Russia is “doing it as we sit here.”
This stray line, buried in seven hours of testimony on Capitol Hill, wasn’t just Robert Mueller’s way of rebutting the charge that his investigation into the Kremlin’s interference in the 2016 presidential election amounted to a two-year, $32 million witch hunt.
It was also a blunt message to the lawmakers arrayed before him, the journalists hunting for a bombshell, and the millions of Americans monitoring the proceedings: We’re all here fighting the last war, when we really should be bracing ourselves for the coming one.
The Russians “expect to do it during the next campaign,” the special counsel continued, and “many more countries are developing capability to replicate” Moscow’s model.
This time, a Donald Trump presidency isn’t some pipe dream or fuzzy nightmare, as it was for many foreign governments during the 2016 race. It is instead an all-consuming reality that is disrupting America’s alliances, role in the world, and relationships with great powers like China and Russia. The 2020 election will determine whether that reality is an aberration or a new normal.
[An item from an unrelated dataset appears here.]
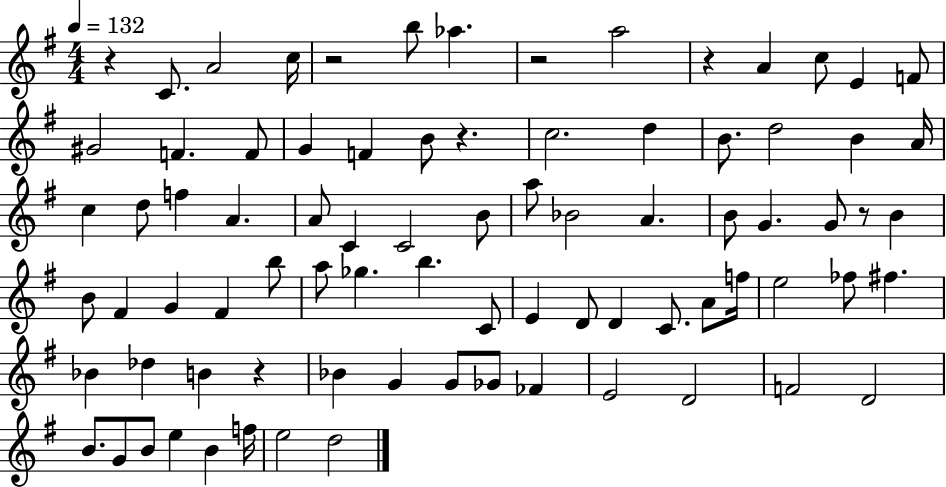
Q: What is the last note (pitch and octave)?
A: D5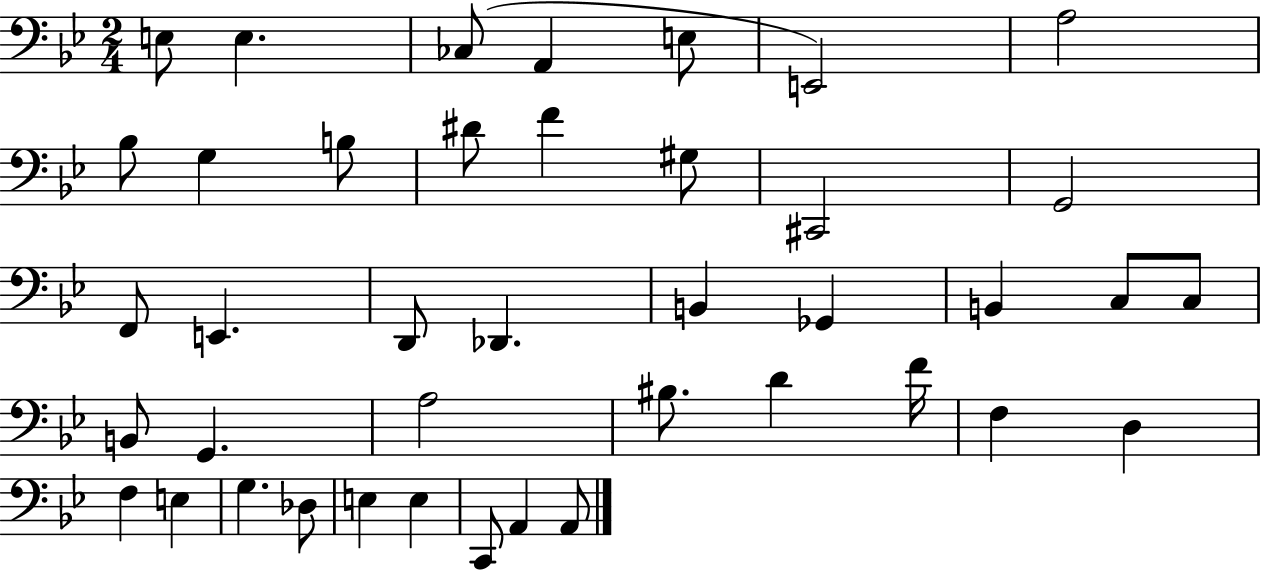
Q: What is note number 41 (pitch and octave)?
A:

The incentives for other countries to meddle “are so much greater in this election than in the past one, and maybe greater than any election that we’ve had to this point,” Ben Freeman, the director of the Foreign Influence Transparency Initiative at the Center for International Policy, told me. “The opportunities to interfere in the election are just so rampant,” he added, reflecting on the dirt-cheap social-media manipulations that Russia made famous a few years ago, and “the barriers to entry for foreign governments have been blown apart.”